Former Pakistan captain and the Chief Selector in the (PCB), Inzamam-ul-Haq has named three game-changers of cricket from different eras.
First and foremost, Inzy took the name of West Indies great Sir Vivian Richards, who tormented bowlers of his era to all corners of the ground, with his aggressive strokeplay.
Then, chronologically, Inzamam included former Sri Lankan opener Sanath Jayasuriya in his list, who offered a never-seen-before brand of cricket, along with Romesh Kaluwitharana, during the World Cup of 1996.
Later, the gentle-giant added South Africa’s ace batsman AB de Villiers amongst the game-changers of World Cricket. The maverick Protean smashed bowler to all places in the ground and gained the reputation of being a 360-degree batsman.
“3 players have changed the game of cricket, given it a new style,” Inzy mentioned in his video blog on YouTube.
Until the 70s, the batsmen who seldom wore helmets and other protective gears only played to survive against fast bowlers. However, the game saw a paradigm shift with Viv Richards taking on the pace bowlers.
“Years ago it was Viv Richards, who changed the game. At that time batsmen used to play fast bowlers on the backfoot but he showed everyone how to play them off the front foot. He taught everyone that fast bowlers can be attacked. He was an ever great player,” added Inzamam.
Until the mid-90s, the idea of the batting teams was to save their wicket for the onslaught at the backend of the innings. This led to batters paying respect to the new-ball bowlers even with field restrictions.
Moreover, this template was changed by Sri Lankan openers and Jayasuriya and Kaluwitharana, who hit bowlers over the in-field in the first 15-overs of the innings.

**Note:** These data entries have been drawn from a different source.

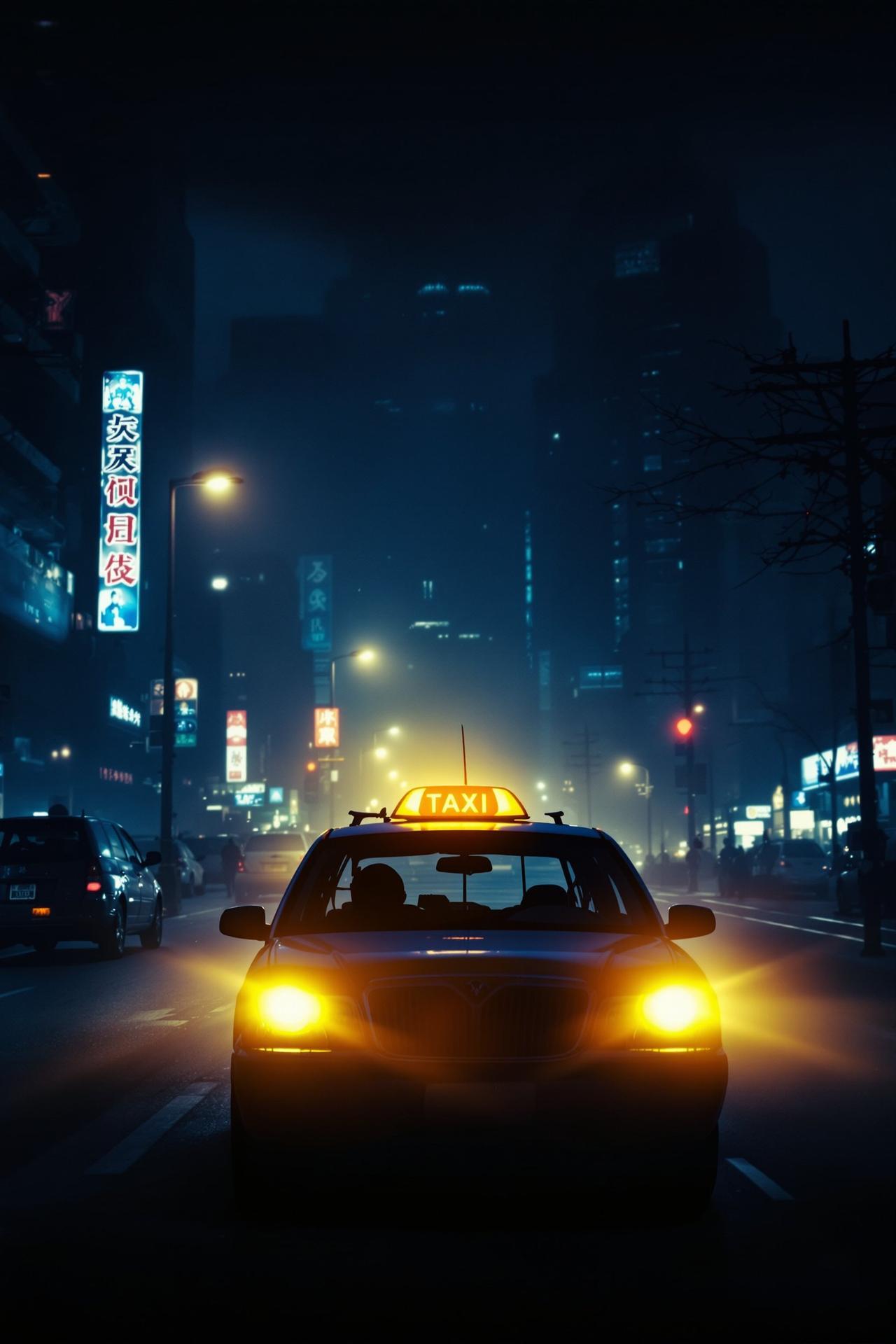 午夜出租车 - 日韩欧美电影在线观看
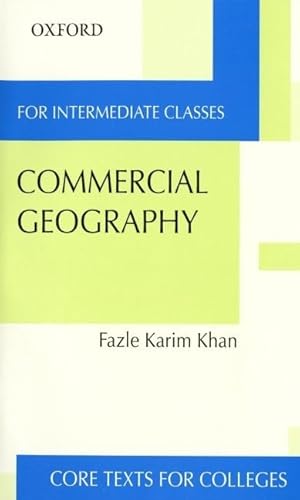 Economic Geography: for Intermediate Classes - Click to Buy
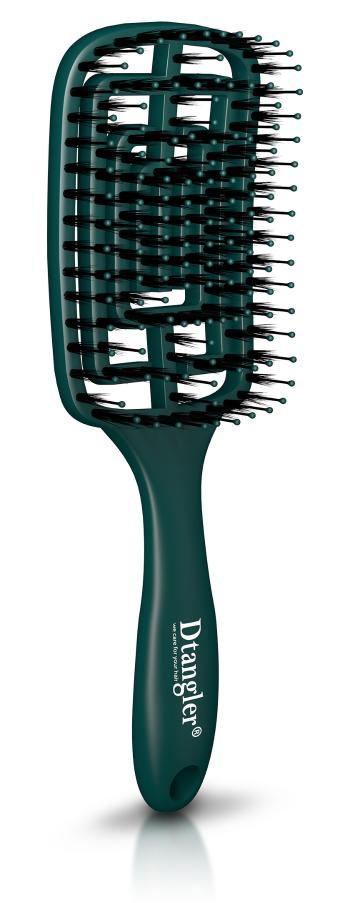 Dtangler Perie de păr Emerald Green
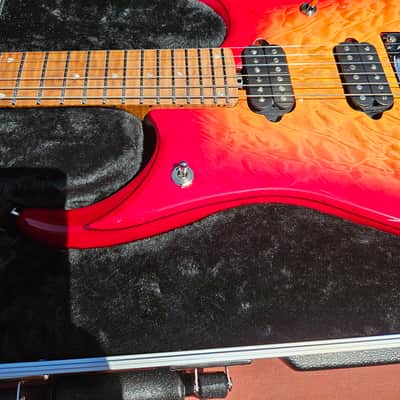 Ernie Ball JP 15 2025 - 2026 - Lava Burst image 18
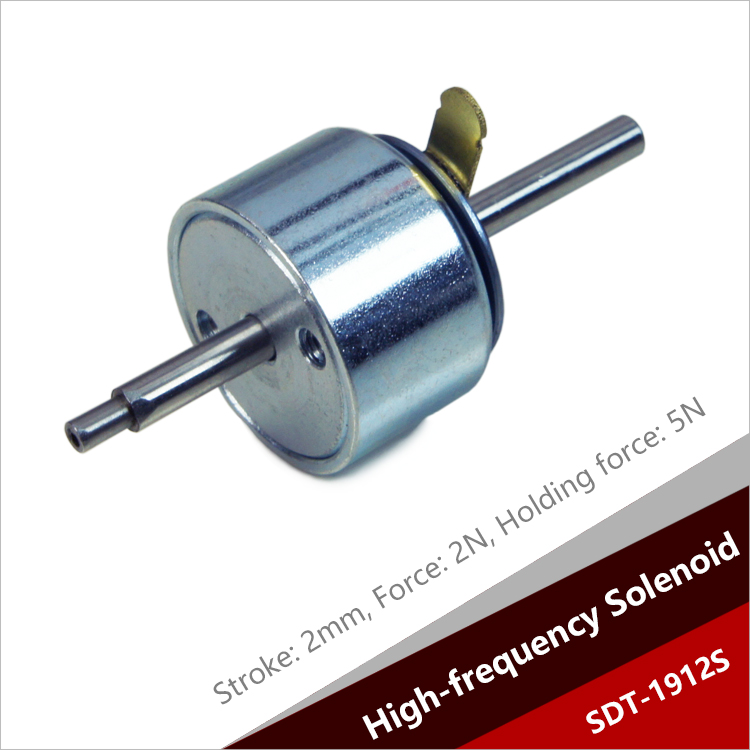 High Frequency Solenoid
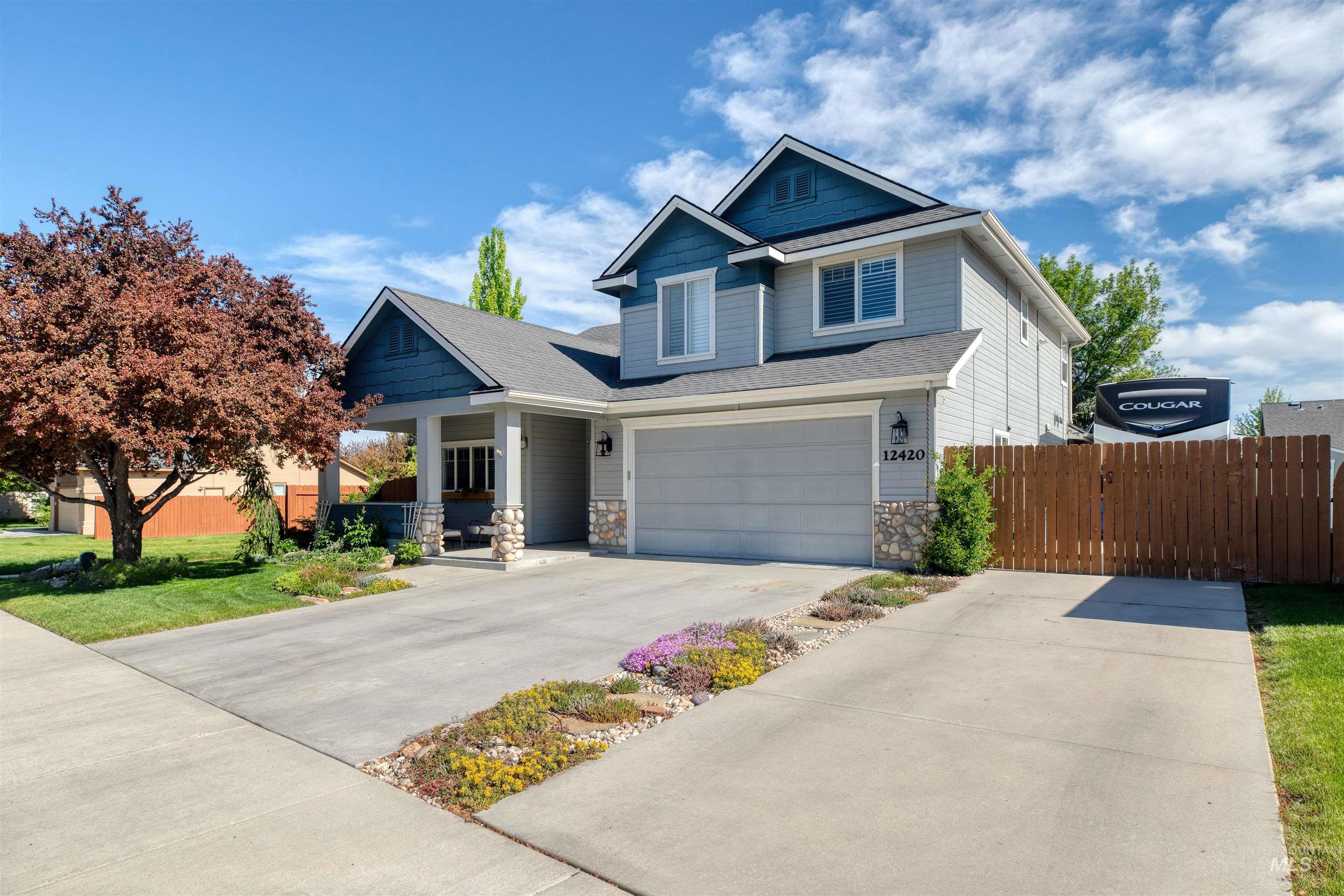 12420 W Murchison St, Boise, Idaho 83709-5590, 3 Bedrooms, 2.5 Bathrooms, Residential For Sale, Price $595,000,MLS 98986403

“The second change was brought in by Sanath Jayasuriya. He decided to attack the fast bowlers in the first 15 overs. Before his arrival, the ones who used to hit the ball in the air were not considered as proper batsmen, but he changed the perception by hitting the fast bowlers over the infield in the first 15 overs,” continued the 49-year-old.
With the advent of T20 cricket, the room for improvisation among modern-day batters went beyond the horizon. The likes of De Villiers took on bowlers to hit them in never-seen-before areas, over wicket-keeper.
“The third player who changed cricket was AB de Villiers. He changed cricket for the third time. I would credit the fast-paced cricket that you see in ODIs and T20s today to de Villiers. Previously batsmen used to hit the straight bat. De Villiers came in, started to hit the paddle sweeps, reverse sweeps,” concluded Haq.